Pagina:Folengo - Opere italiane, vol. 1, 1911 - BEIC 1820955.djvu/28

Da Wikisource.
22 orlandino


60
Per far una leggiadra tua vendetta
e punir in un dí ben mille offese,
celatamente l’arco e la saetta
tua man spietata in mia ruina prese.
Ah punto infausto! ah stella maladetta,
che contra te mi tolse le difese,
allor ch’io vidi quella faccia infusa
di tal beltade, a me sol di Medusa!
61
Misero me, che indarno esser sperai
di sí onorevol giostra vincitore!
E tu, cieco fanciullo e nudo, m’hai
gettato fuori non del corridore
in terra, ma di gioia in tanti guai,
di bella libertade in tant’errore!
Deh!
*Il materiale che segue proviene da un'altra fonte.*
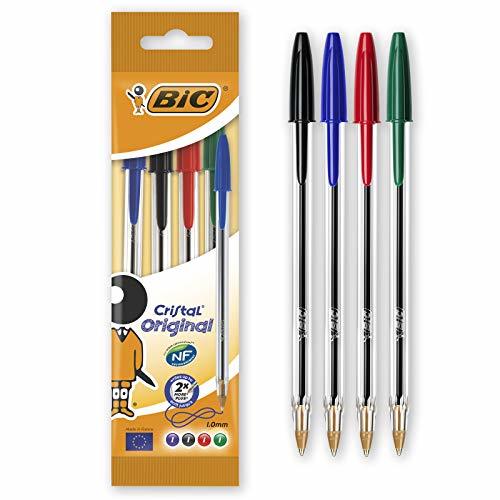 Social Bic Cristal Medium 8308621 Bolígrafo - surtidos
Dio, se de’ mortali unqua ti cale,
dal cor mi sferri questo ardente strale!
62
Pazzo che sei, Milon! come non vedi
che non sei pare al grado imperiale?
Se di tal vischio non ritraggo i piedi,
che poss’io mai sperar altro che male?
E posto che ’l suo amor ella mi credi,
non l'averò però, ch’io non son tale
cui la fortuna un tanto ben dar voglia;
e pur amor di lei seguir m’invoglia! —
63
Mentre solingo crucciasi Milone,
e mille fiate vole e mille svole
quel che consiglia amor, quel che ragione,
facendo come foglia al vento sòle,
ecco nel mar ispano si ripone
tra le Colonne il giá straccato sole;
sorge la notte da la parte adversa;
ciascun in preda al sonno si roversa.